My dreaming was therapeutic, my confessions left me feeling as if I had laid to rest the last lingering regrets from my past life.  The ErinMin combo was at peace.

The one familiar thing about the situation was someone trying to feed me the bitter medicine. I was awake enough to be annoyed that I had to swallow more of the vile concoction, awake enough to resist the person's clumsy attempts to press the cup to my mouth.  Between their uncoordinated efforts and my lack of cooperation, the liquid dribbled over my cheeks, into my hair, and down my neck, adding to my annoyance.

My limbs were useless, I could barely make them twitch.  But I could complain. "How can you keep missing my mouth...you idiot?"  I tried hard to make my voice strong but it came out as a squeak.  "Get Adam, he can do it properly.  Do it like Adam." I spluttered the last of the liquid flying out of my mouth.

My head was pounding and all I could do was try to turn my head away.  "For fuck sake,  if you're that hopeless use your mouth...."
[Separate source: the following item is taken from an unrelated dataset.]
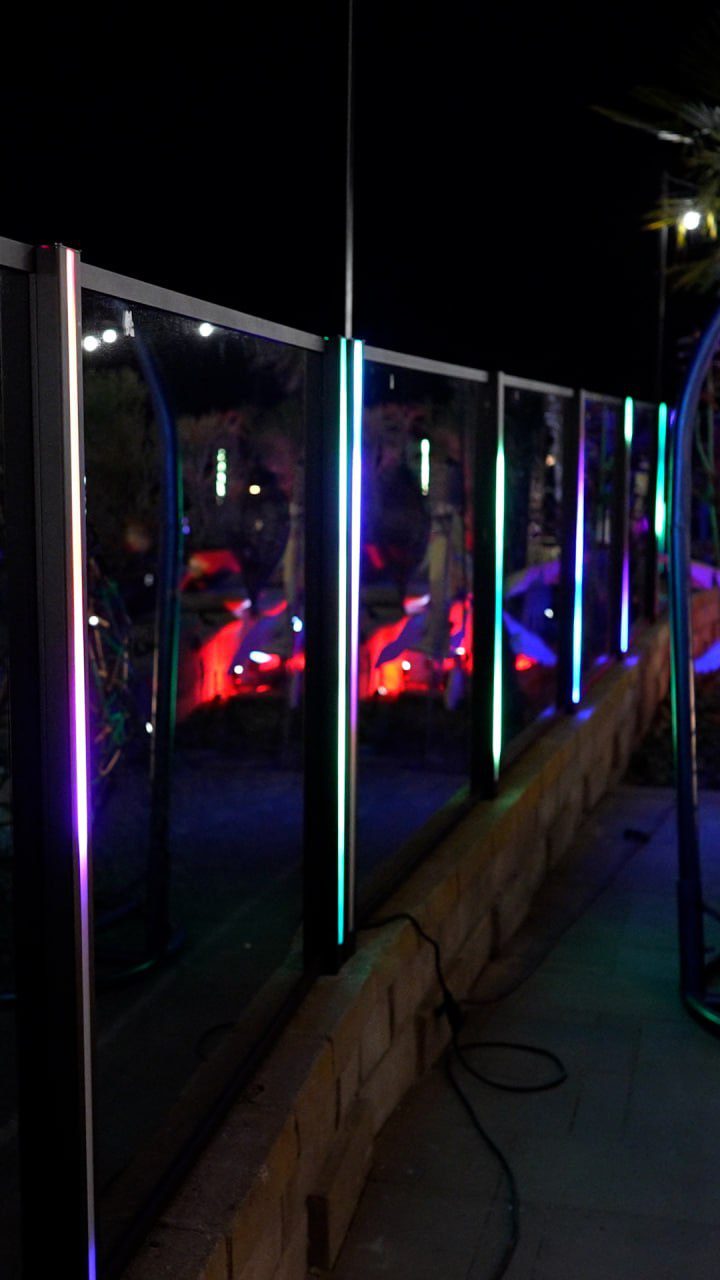 Custom aluminum fence with vibrant LED lights enhances outdoor space at night.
My eyes refused to open, I was so sleepy. I licked the disgusting sticky stuff off my lips. Then a strong unfamiliar hand gripped the back of my neck, lifting me slightly off the pillow. My back ached and I let out a groan.  At the time I thought vaguely that it didn't feel right, not like it normally did. Then a warm mouth rested tentatively on mine and a thumb gently parted my lips and the medicine was released into my mouth. It truly was awful stuff but at least this time I didn't feel it running all over my face. The thumb stroked my lip and prepared me for my next mouthful. More at ease I lifted my head to meet the lips again. When they touched mine I let them do their job without resisting this time. I was getting used to the horrible taste....and I started to trust the firm lips.

Whoever was nursing me, patiently repeated the process. Each time I imagined the lips lingered against mine.
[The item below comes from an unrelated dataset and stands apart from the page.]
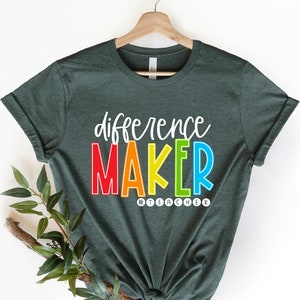 May include: A dark green t-shirt with the text "difference maker" in rainbow colors. The text "#teacher" is below the main text in smaller white letters.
I am going to blame what I did next, on the fact that I thought I was dreaming again. It felt so much like a kiss that I did what came naturally and let my tongue run over the bitter-tasting lips that were pressed to mine, before gently tugging and sucking on the full bottom lip. I sighed, thinking this was possibly the best dream ever.  I tried to conjure up the image of David again but my mind was blank.